Husain Haqqani: Any Indian presence in Afghanistan should not be a strategic military or intelligence presence that threatens Pakistan’s integrity, stability, or strength…But Pakistan seeks close and friendly relations with India as well. And the worldview we want everybody to understand as our national worldview now – supported by the military, endorsed by the civilians, backed by the parliament (which is the elected representatives of all Pakistani people) – is, we want good relations with India, but we want those good relations on the basis of resolving outstanding disputes, and we want a stable Afghanistan where there is no scope for Afghanistan being the launching pad for proxy wars against any of Afghanistan’s neighbors, including us.

On Pak-US relations

Edward Luce, FT: Previous phases of good relations between US-Pakistan have been short lived. When America has got what it wanted – to put it crudely – it’s then withdrawn, and in some cases pivoted to being a relatively hostile partner. What makes you so sure this time its different?

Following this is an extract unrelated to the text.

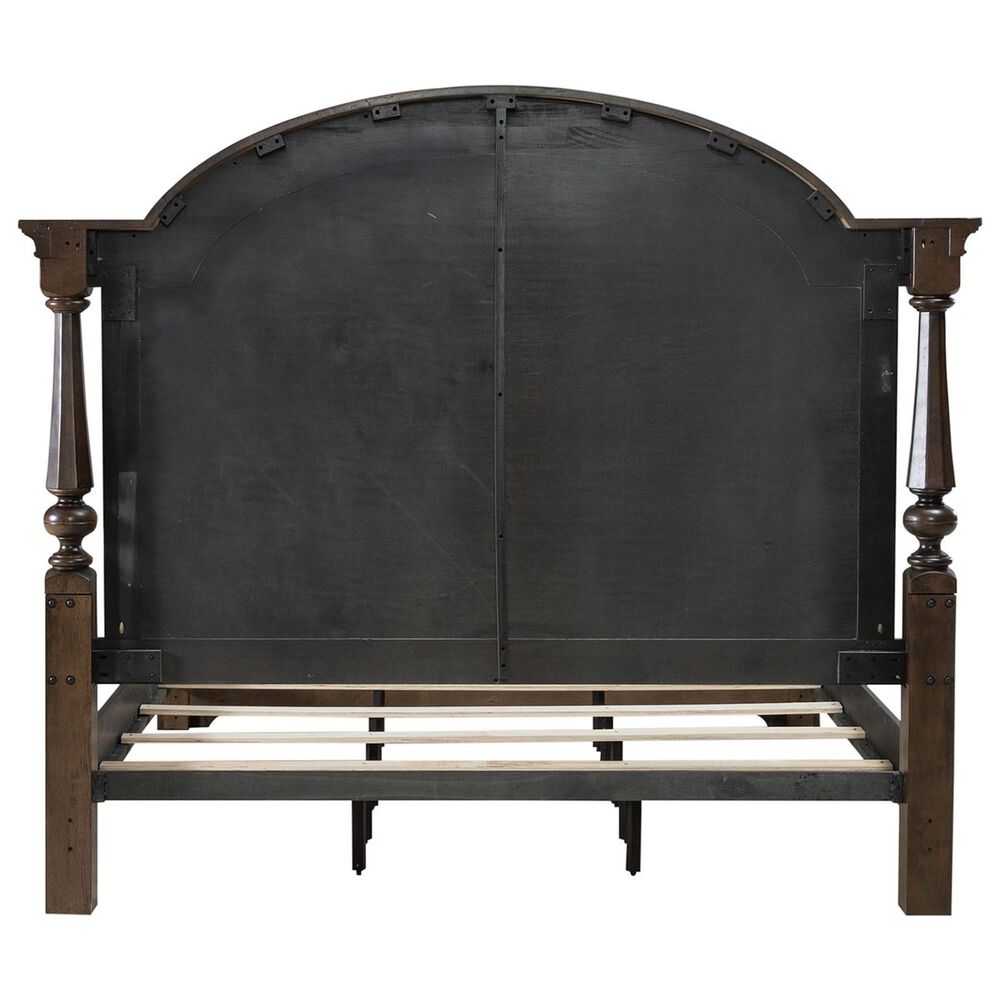 Liberty Furniture Arden Road 4-Piece King Bedroom Set in Satin Cherry, , large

Husain Haqqani: The truth is, I’m not sure and nobody can be sure about the future. But, both Americans and Pakistanis understand that it has not served the interests of either country – American withdrawing after sporadically supporting Pakistan or working with Pakistan has led to deep rooted anti-American sentiment in Pakistan…

Pakistan, on the other hand, has suffered because we have pinned hopes on the Americans that have been dashed when the Americans have left. So neither country has benefitted from this episodic relationship…

Pakistan is not a client state, it does not want to be a satellite state, it does not want to be an aid recipient forever. So what we are looking towards is a multidimensional engagement.

On Terrorism & Security

Husain Haqqani: Pakistan will work with the international community and its neighbors to make sure that no terrorist group that threatens Pakistan, or its neighbors, or the international community remains operative. We have successfully fought the Pakistani Taliban in Swat, we have fought them successfully in South Waziristan; you have seen the high-profile arrests of Aghan Taliban figures on Pakistani soil. You will see more action, but at the same time it must be understood that Pakistan’s concerns about having a friendly regime in Afghanistan should not be misinterpreted as our willingness to tolerate any elements that pose a threat to the security of either our neighbors, ourselves, or the international community…

The fact is, we do believe that if there is a reconciliation process in Afghanistan and there are individuals with whom the Afghan leadership wants to interact – and it is an Afghan-led process, not a Pakistan-led process – Pakistan would like to be part of that process and would like to encourage it and make sure that it results in positive circumstances in Afghanistan. But we are right now working on making sure that there is no one on Pakistani territory that poses a threat either to Pakistan, or to its neighbors, or to the international community…

It is incorrect to assume that our logistical or other difficulties are in any way a lack of will on our part. The Pakistani military is overstretched. We have 147 troops in the areas along the border with Afghanistan. Compare that with only 107,000 troops from over 43 nations in Afghanistan.